Description of Problem: if I issue a command like cdrecord -v dev=0,0,0 /usr/isofs/Data -audio A/01.cdr B/01.wav C/01.cdr then /usr/isofs/Data is written correctly as data, A/01.cdr and B/01.wav are written correctly as audio but C/01.cdr is written as data man cdrecord says -audio If this flag is present, all subsequent tracks are written in CD-DA (similar to Red Book) audio for- mat. so it shouldn't do this Version-Release number of selected component (if applicable): cdrecord-1.10-4 How Reproducible: every time I've tried it Steps to Reproduce: 1. make appropriate cdr and wav files 2. issue the above command 3. look at the resulting disc with xplaycd or a cd player Actual Results: Tracks after the last wav file are written as data Expected Results: all files after the -audio flag should be written as audio Additional Information: I've listed this as high priority because it's the first bug that I've reported that can incur landfill tax ;-)
Created attachment 67504 [details] output from a typical run -- note WARNING for last track
I don't know what .cdr tracks are, but I presume they are audio tracks of some kind.

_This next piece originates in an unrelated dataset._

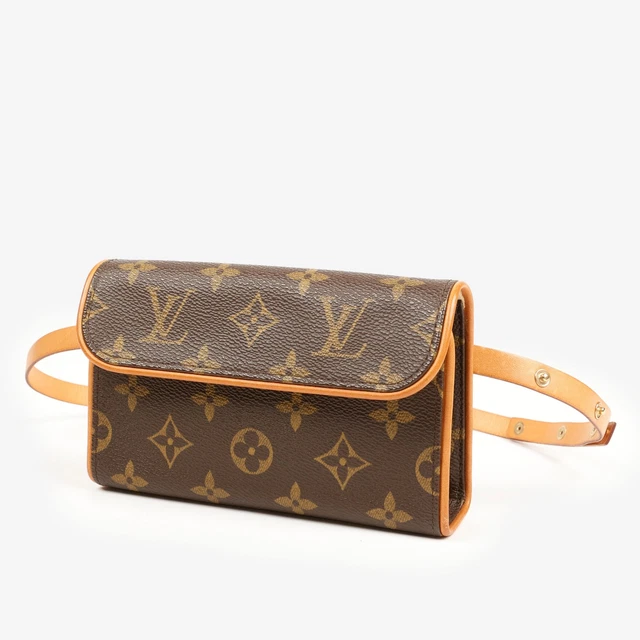 (Ebay live)  Louis Vuitton Florentine Waist Bag Monogram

The simple solution is to make sure all the files are .wav files. This is IMHO a very minor nit, and is something that is very low priority, and something which should be fixed by the upstream cdrecord maintainer, if he considers it a bug. On a side note, the bugzilla "priority" field is meaningless. It was intended for users to give a general initial priority to, and for developers to then reprioritize if necessary depending on the various problems reported that need work. However, every user seems to think their bug is high priority and should be fixed ASAP, so the field ends up being useless. Since developers cant currently change the priority and have it locked, users tend to get into a "you change it to low, I'll change it back to high, back to low, back to high" mexican standoff, and ultimately the developer decides the priority based on his own workload. The reporter has zero say, and zero effect on work prioritization. Thus "priority" is meaningless. It does seem to satiate some users though. Just thought you might like to know the honest truth about the meaninglessness of end user settable priority.

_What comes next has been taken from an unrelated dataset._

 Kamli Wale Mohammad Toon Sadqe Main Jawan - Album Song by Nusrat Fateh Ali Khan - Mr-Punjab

Hmph. At the very least there's a bug in the documentation. As I listed above, it explicitly says that all arguments after -audio are treated as audio files. It shouldn't matter what the file extension is. (FYI .cdr is what sox uses to indicate a raw audio file in 16bit stereo at 44100Hz with length padded to a whole number of 75ths of a second -- ie CD audio). WAV files are a special case. and I suspect that that's where the logic is broken. I presume that getting the real problem (as opposed to the documentation) mended requires that I contact Jvrg Schilling myself? I take your point about "Priority". I don't mean to get into a cycle of opening and closing this thing, but the bug is present in the version supplied with RH7.3, which I expect means subsequent versions too, so I think it is worth documenting at the very least.

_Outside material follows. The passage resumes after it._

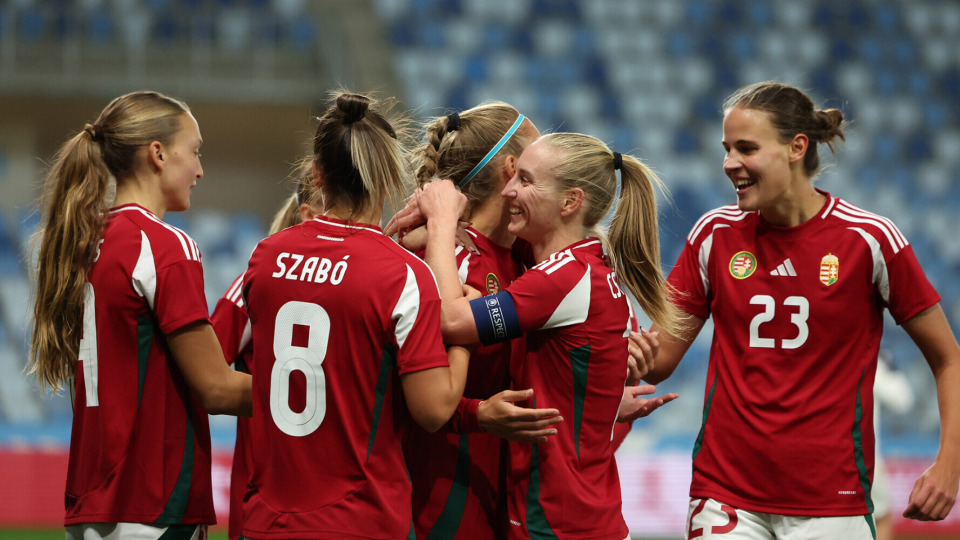 Négy góllal nyert Luxemburg ellen a női A-válogatott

Well why did you just reopen it then and waste even more of my time? As I said, it is EXTREMELY low priority. You're the first person in 3 years of cdrecord 1.10 to even mention it. It isn't worth wasting time to edit a manpage on. Reopening the bug doesn't accelerate the priority of it either. Contact Jeorg Schilling if it bothers you and you think it should be fixed. This bug is WONTFIX period. Feel free to reopen it if it makes you feel warm inside, but it is not ever going to get touched. I'm just being realistic about it. At least you could respect that instead of playing a game.